That's right! Internet! The biggest distraction known to man. I wonder how work would have been 20 years ago? A few years back I had the privilege of spreading out 16 tons of gravel with a rake, three different times in the summer heat. I remember distinctly a thought popping into my head telling me that no matter how bad/boring my engineering job ever got, it was pale in comparison to having to do this kind of work every day. I guess it's all relative.
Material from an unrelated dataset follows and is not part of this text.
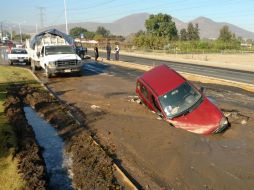 De acuerdo a las autoridades, vecinos del fraccionamiento aledaño habían reportado días antes al SIAPA que había una fuga de agua. ESPECIAL /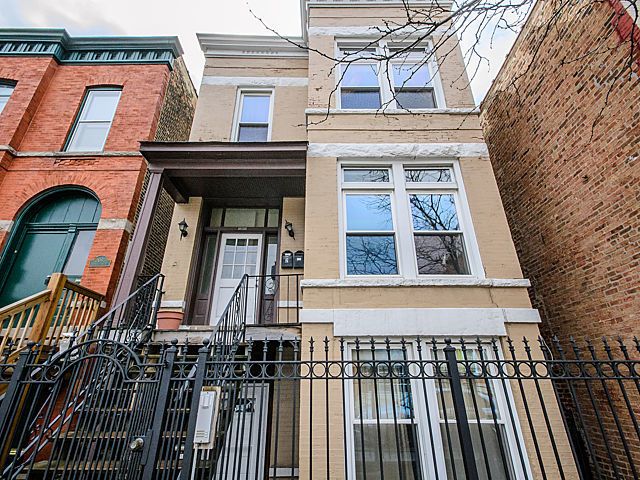 2039 Armitage Avenue, Chicago, IL 60647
Thanks for all the comments.


----------



## mizzoueng (Apr 13, 2010)

I love engineering, and though I hate the long travel, I do like my job. Working with power plants and piping is fun. I was a pipefitter apprentice when I was a kid (dad was a fitter) and i liked working with piping and systems, so engineering let me still do that while not having to travel al over the country working (so I thought at the time).


----------



## Bman (Apr 13, 2010)

I like my job for the most part. Sometimes I travel a lot and sometimes I'm stuck in the office to much. Either one seems to wear on me a bit. If I'm stuck in the office too long I start to feel like a caged lion and get pretty demotivated... If I'm in the field too much I start to get a little worn out. Consulting is nice because the jobs are always a little bit different, so that keeps things interesting, but some projects can get drawn out and stagnant at times and you just want to move onto something new.
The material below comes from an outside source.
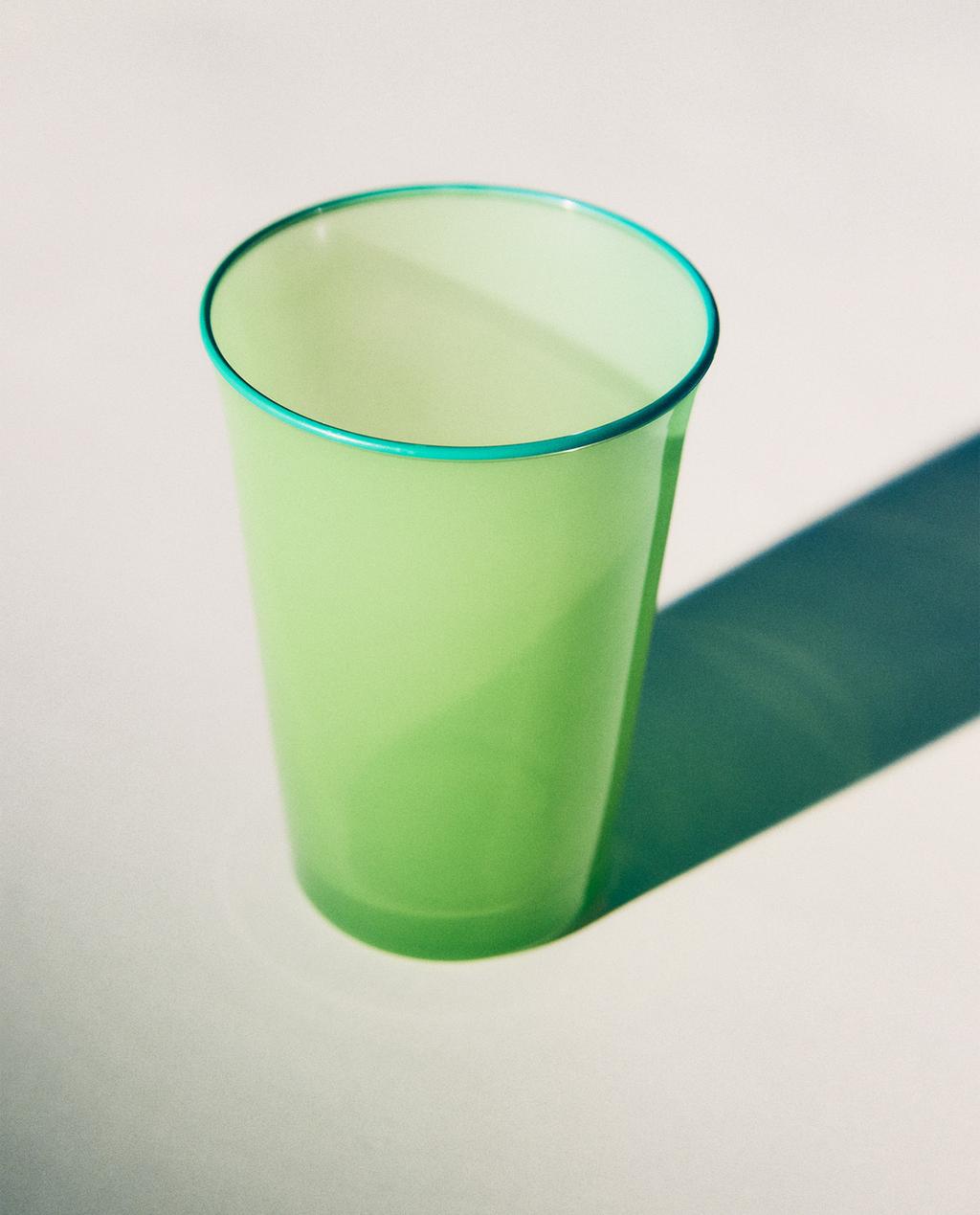 COLOURED GLASS TUMBLER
The work environment is definitely a big factor for me. I work with and for some pretty good people at my current job, so that makes a big difference. My second job out of school, I hated. Everyone was older and had families and the only other kid my age didn't talk at all, complete one sided conversations (I was 22 at the time). I was pretty thankful when they laid me off after only a few months, I was ready to get out of there!


----------



## wilheldp_PE (Apr 13, 2010)

I find that every time I switch jobs, I go through an apprehensive period where I don't know exactly what I'm doing, which is not entirely enjoyable. Then I go though a period where I've figured out my job, I'm getting good at it, and everything is still exciting. That period can last anywhere from about 6 months to 2 years. Then, I get really bored with the job, and lose all motivation, then start looking again. I don't know if that means that I don't like engineering, or if that I really have a short attention span for work.

The President of my current firm noticed this about me, and gave me a pep talk the other day. He said that he really wants me to be part of the management team of the firm, but he's having trouble selling it to the other principals/associates because of my perceived attitude among them. I'm going to try to be conscious of my attitude, and see if I like management better.


----------



## maryannette (Apr 14, 2010)

I get paid for my hobby. I enjoy it most days. And, when I don't enjoy it, I thrive on the challenge. That sounds SO nerdy and whack!


----------



## Matt-NM (Apr 14, 2010)

If I got paid for my hobby I would be making decent money to hunt, fish, and fly! Some good venting going on here. I can relate to almost everyone. The fact that it's ok not to love your job(how many people actually do?) or that many others get bored after a while as well is comforting.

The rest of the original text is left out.